On March 6, 2022, the parties to the Merger Agreement entered into the Termination Agreement pursuant to which, due to market conditions, the parties agreed to terminate the Merger Agreement effective as of such date, after taking several factors into consideration. Pursuant to the Termination Agreement, Tomorrow.io was obligated to pay us $1,500,000 upon the earliest to occur of (a) 120 days from the date of the Termination Agreement, (b) two business days after the initial closing of Tomorrow.io’s Next Financing and (c) immediately prior to the consummation of a Change of Control. The Termination Payment of $1,500,000 for the reimbursement of business combination expenses was recorded as receivable as of March 31, 2022 and was received in full on July 1, 2022.

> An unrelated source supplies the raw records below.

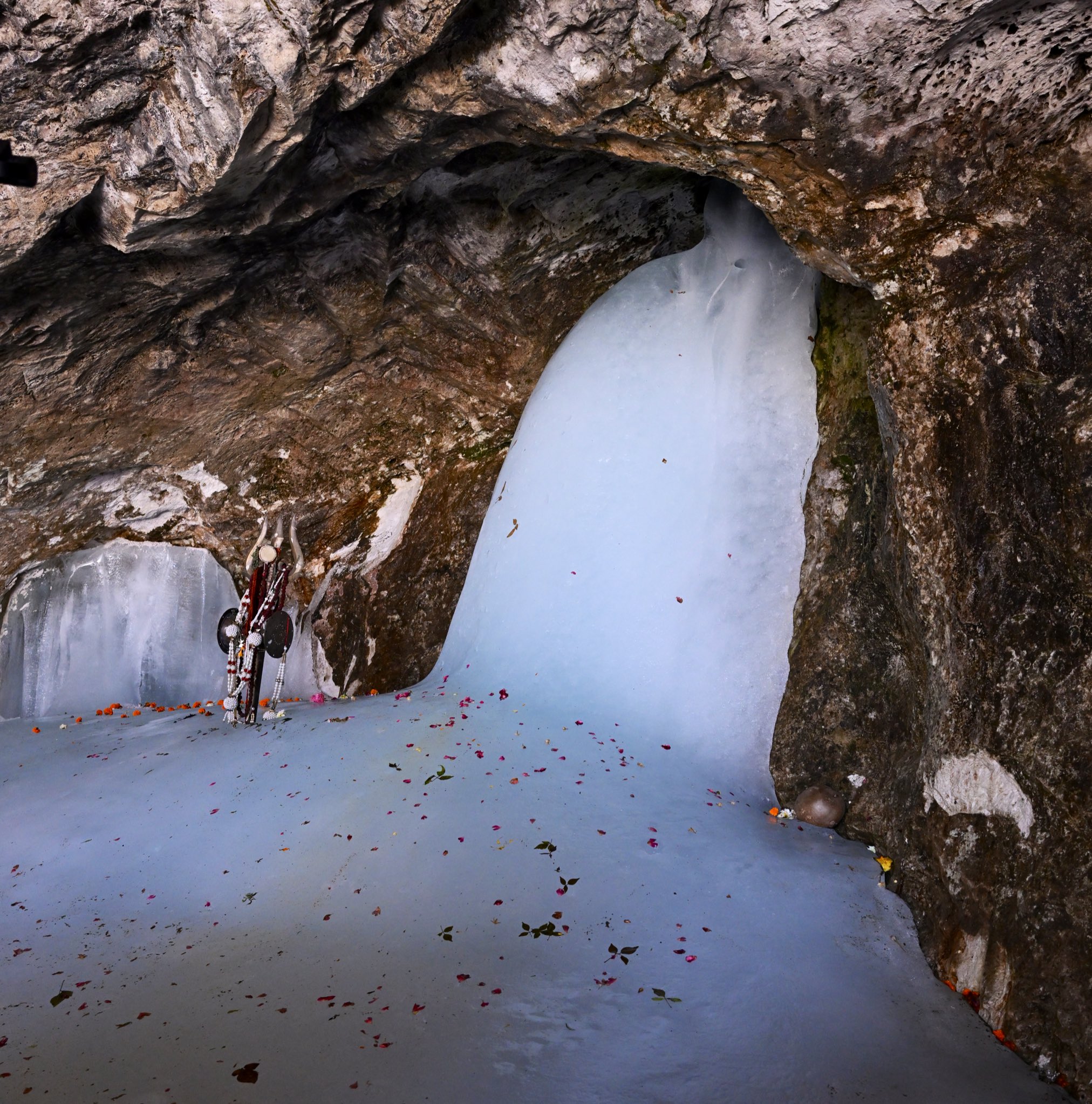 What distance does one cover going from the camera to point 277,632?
20.4ft

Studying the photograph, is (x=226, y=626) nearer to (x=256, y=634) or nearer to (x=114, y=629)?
(x=256, y=634)

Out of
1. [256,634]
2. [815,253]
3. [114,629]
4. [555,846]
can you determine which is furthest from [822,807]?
[114,629]

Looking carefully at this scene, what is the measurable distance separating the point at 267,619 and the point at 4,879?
2.38m

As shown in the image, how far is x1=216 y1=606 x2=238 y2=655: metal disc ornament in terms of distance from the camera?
625 cm

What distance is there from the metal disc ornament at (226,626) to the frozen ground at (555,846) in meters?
0.58

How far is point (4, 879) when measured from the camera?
427 centimetres

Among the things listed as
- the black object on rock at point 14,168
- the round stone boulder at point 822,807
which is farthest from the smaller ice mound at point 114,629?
the round stone boulder at point 822,807

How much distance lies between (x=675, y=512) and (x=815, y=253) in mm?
1728

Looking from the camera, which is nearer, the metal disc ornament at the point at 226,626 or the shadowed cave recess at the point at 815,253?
the shadowed cave recess at the point at 815,253

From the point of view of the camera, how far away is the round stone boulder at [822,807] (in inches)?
184

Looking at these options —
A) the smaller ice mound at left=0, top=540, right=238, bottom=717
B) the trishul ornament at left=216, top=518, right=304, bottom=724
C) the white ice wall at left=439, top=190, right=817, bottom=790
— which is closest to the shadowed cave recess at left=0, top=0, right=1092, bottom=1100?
the white ice wall at left=439, top=190, right=817, bottom=790

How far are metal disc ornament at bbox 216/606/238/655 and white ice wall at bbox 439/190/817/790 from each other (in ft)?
5.29

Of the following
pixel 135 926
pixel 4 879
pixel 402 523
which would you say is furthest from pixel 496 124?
pixel 4 879

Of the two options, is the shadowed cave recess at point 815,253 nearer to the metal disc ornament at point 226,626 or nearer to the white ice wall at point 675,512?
the white ice wall at point 675,512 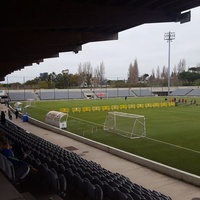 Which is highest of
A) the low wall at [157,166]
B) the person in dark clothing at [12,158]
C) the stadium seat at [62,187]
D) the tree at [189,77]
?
the tree at [189,77]

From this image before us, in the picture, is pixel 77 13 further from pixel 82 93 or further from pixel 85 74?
pixel 85 74

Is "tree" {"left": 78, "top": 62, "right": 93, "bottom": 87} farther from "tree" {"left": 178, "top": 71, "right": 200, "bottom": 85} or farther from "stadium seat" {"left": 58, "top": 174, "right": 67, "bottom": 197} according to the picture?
"stadium seat" {"left": 58, "top": 174, "right": 67, "bottom": 197}

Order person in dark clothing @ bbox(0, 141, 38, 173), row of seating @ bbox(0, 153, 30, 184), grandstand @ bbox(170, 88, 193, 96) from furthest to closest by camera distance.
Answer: grandstand @ bbox(170, 88, 193, 96)
person in dark clothing @ bbox(0, 141, 38, 173)
row of seating @ bbox(0, 153, 30, 184)

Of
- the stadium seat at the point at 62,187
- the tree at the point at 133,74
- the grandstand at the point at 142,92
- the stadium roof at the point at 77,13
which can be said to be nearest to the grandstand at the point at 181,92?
the grandstand at the point at 142,92

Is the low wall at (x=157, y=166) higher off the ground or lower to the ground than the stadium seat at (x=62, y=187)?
lower

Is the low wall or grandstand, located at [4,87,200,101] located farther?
grandstand, located at [4,87,200,101]

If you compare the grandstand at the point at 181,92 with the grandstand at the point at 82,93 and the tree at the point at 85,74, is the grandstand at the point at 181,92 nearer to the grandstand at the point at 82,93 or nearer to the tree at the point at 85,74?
the grandstand at the point at 82,93

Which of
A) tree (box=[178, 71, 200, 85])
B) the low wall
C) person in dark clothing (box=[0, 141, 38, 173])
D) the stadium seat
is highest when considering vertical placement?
tree (box=[178, 71, 200, 85])

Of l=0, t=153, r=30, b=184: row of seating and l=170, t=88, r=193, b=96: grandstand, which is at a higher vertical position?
l=0, t=153, r=30, b=184: row of seating

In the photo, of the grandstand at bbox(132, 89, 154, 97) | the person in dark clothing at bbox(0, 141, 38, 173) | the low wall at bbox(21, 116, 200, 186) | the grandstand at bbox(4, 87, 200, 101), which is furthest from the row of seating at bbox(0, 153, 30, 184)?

As a result of the Termination Agreement, the Merger Agreement is of no further force and effect, and certain agreements entered into in connection with the Merger Agreement, including, but not limited to, the Parent Support Agreement, dated as of December 7, 2021, by and among the Company, Tomorrow.io and Sponsor, the Voting and Support Agreements, dated as of December 7, 2021, by and among the Company, Merger Sub, Tomorrow.io and certain Tomorrow.io stockholders, and the Subscription Agreements, dated December 7, 2021, by and among Company with its Sponsor and certain other investors, were either terminated or no longer be effective, as applicable, in accordance with their respective terms.
We intend to continue to pursue the consummation of a Business Combination with an appropriate target.
The foregoing description of the Termination Agreement does not purport to be complete and is qualified in its entirety by the terms and conditions of the Termination Agreement, which is filed herewith as Exhibit 10.1, which is incorporated by reference herein.
For more information about the Terminated Business Combination Agreement and other recent developments, please see “Note 1. Organization and Business Operation - Initial Business Combination.”
19
Results of Operations
We have neither engaged in any operations nor generated any revenues to date. Our only activities through June 30, 2022 were organizational activities, those necessary to prepare for our IPO and identifying a target company for our initial Business Combination, and activities in connection with the proposed acquisition of Tomorrow.io, which has subsequently been terminated. We do not expect to generate any operating revenues until after the completion of our Business Combination. We generate non-operating income in the form of interest income on cash and cash equivalents held in the Trust Account. We incur expenses as a result of being a public company (for legal, financial reporting, accounting and auditing compliance), as well as for due diligence expenses.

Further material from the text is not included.